INFERNO CANTO 10 LA CONDIZIONE DEI DANNATI

INFERNO CANTO 10 LA CONDIZIONE DEI DANNATI

INFERNO CANTO 10 LA CONDIZIONE DEI DANNATI


Dopo aver augurato che i discendenti di Farinata trovino un giorno riposo in patria (il se del v. 94 ha valore augurativo), Dante chiede al magnanimo come mai gli spiriti dell’Inferno, pur dimostrando di conoscere così bene il futuro, non abbiano notizia del presente. Farinata disse che essi vedono “come quei c’ha mala luce” (v. 100), cioè come i presbiti che vedono le cose lontane, ma ne perdono conoscenza man mano che si appressano loro, finché “tutta morta│ fia nostra conoscenza da quel punto│che del futuro fia chiusa la porta” (vv. 106-8), ovvero finché la loro cecità sarà totale.
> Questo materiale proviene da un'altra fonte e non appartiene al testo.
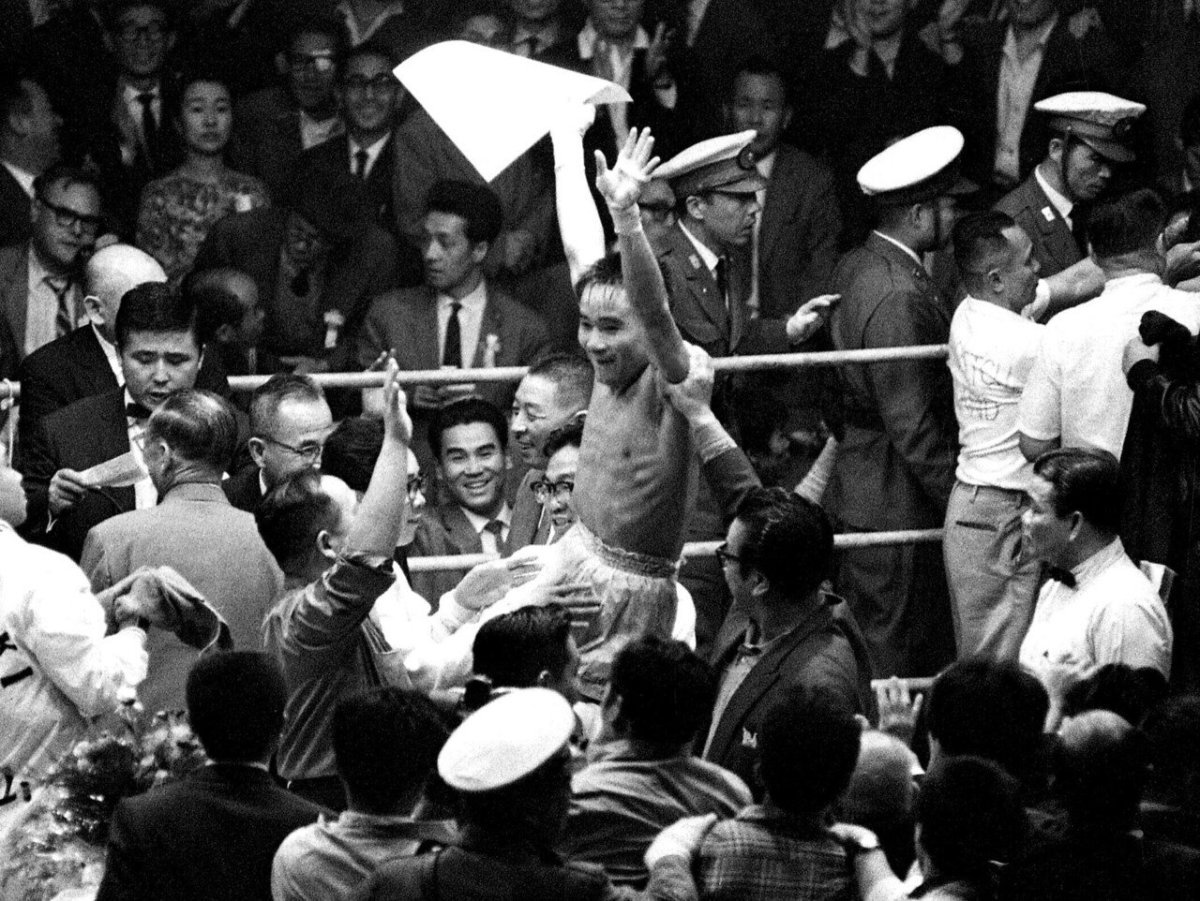 El deporte de los hambrientos: historia del boxeo&nbsp;japonés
Secondo alcuni commentatori tale difetto è proprio di tutti i dannati, secondo altri è proprio solo degli epicurei, con funzione di contrappasso, colpendoli sull’essenza  del loro peccato, che fu di credere solo nel presente. Notevole l’insistenza sulla condizione di ignoranza  e cecità: “tutto è vano│nostro intelletto” (vv. 103-4); “nulla sapem” (v. 105); “tutta morta” (v. 106).
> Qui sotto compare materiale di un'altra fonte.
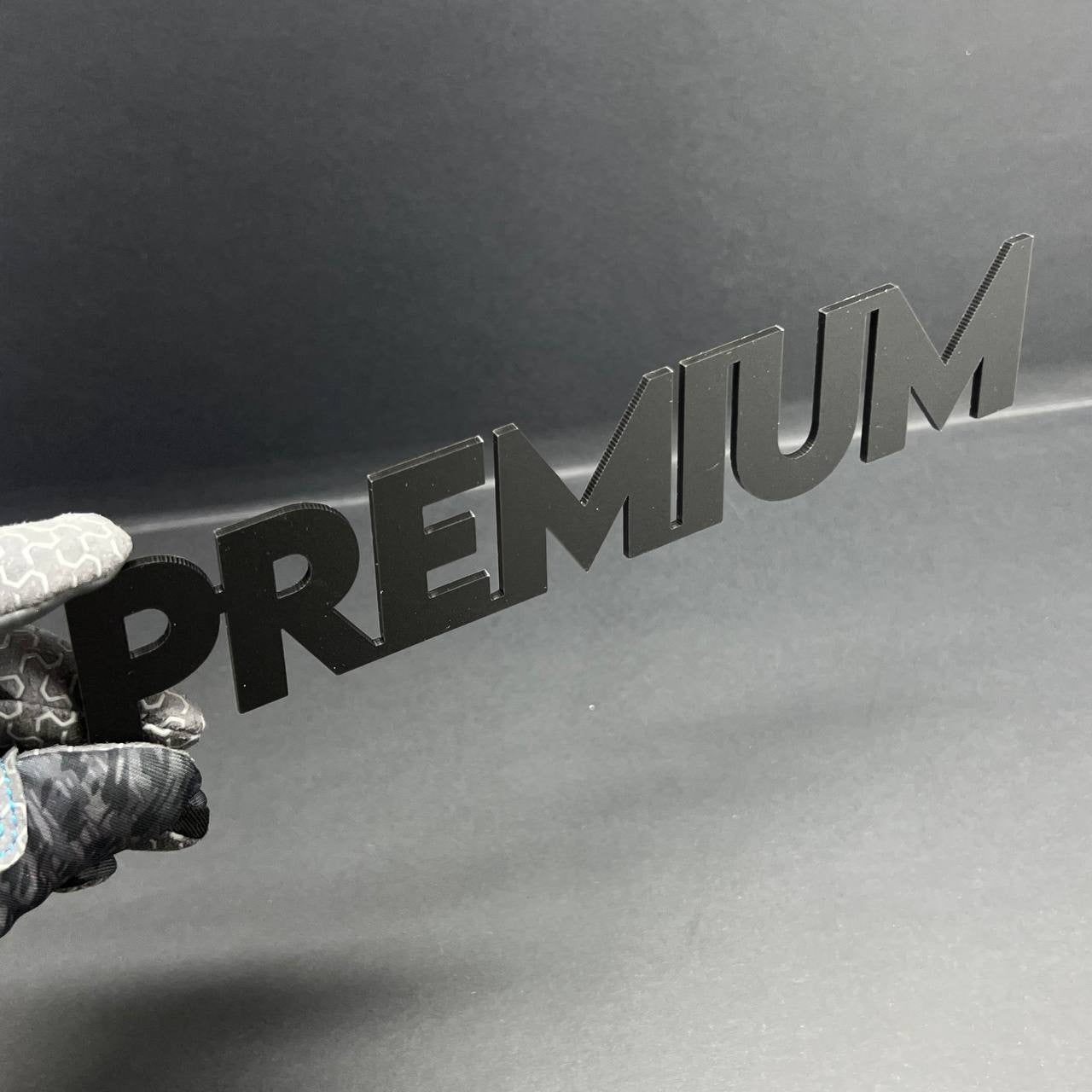 1PC PREMIUM Emblem – Custom Fender or Tailgate Badge for Car, SUV, or Truck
Risolto il proprio dubbio, Dante chiede a Farinata di informare “quel caduto” (v. 109) che il figlio Guido “è co’ vivi ancor congiunto” (v. 110).

Da ultimo Dante prega Farinata di dirgli chi siano i suoi compagni di pena. Due sono i nomi riferiti: “’l secondo Federico” e “’l Cardinale” (vv. 119-120). Federico II di Svevia, imperatore e re di Napoli (1194-1250), fu personaggio molto ammirato da Dante (cfr. V.E. I, XII, 4; Conv. IV, X, 6; Inf. XIII, 75); la Chiesa e tutti i guelfi lo accusarono di eresia per ragioni politiche, ma il suo modo di vita contribuì a rafforzare tale accusa. Ottaviano Ubaldini fu detto Cardinale per antonomasia, appartenete a illustre famiglia ghibellina, fu arcivescovo di Bologna dal 1240 al 1244, cardinale nel 1244. Zio dell’arcivescovo Ruggeri (cfr. Inf. XXXIII), viene descritto come feroce ghibellino.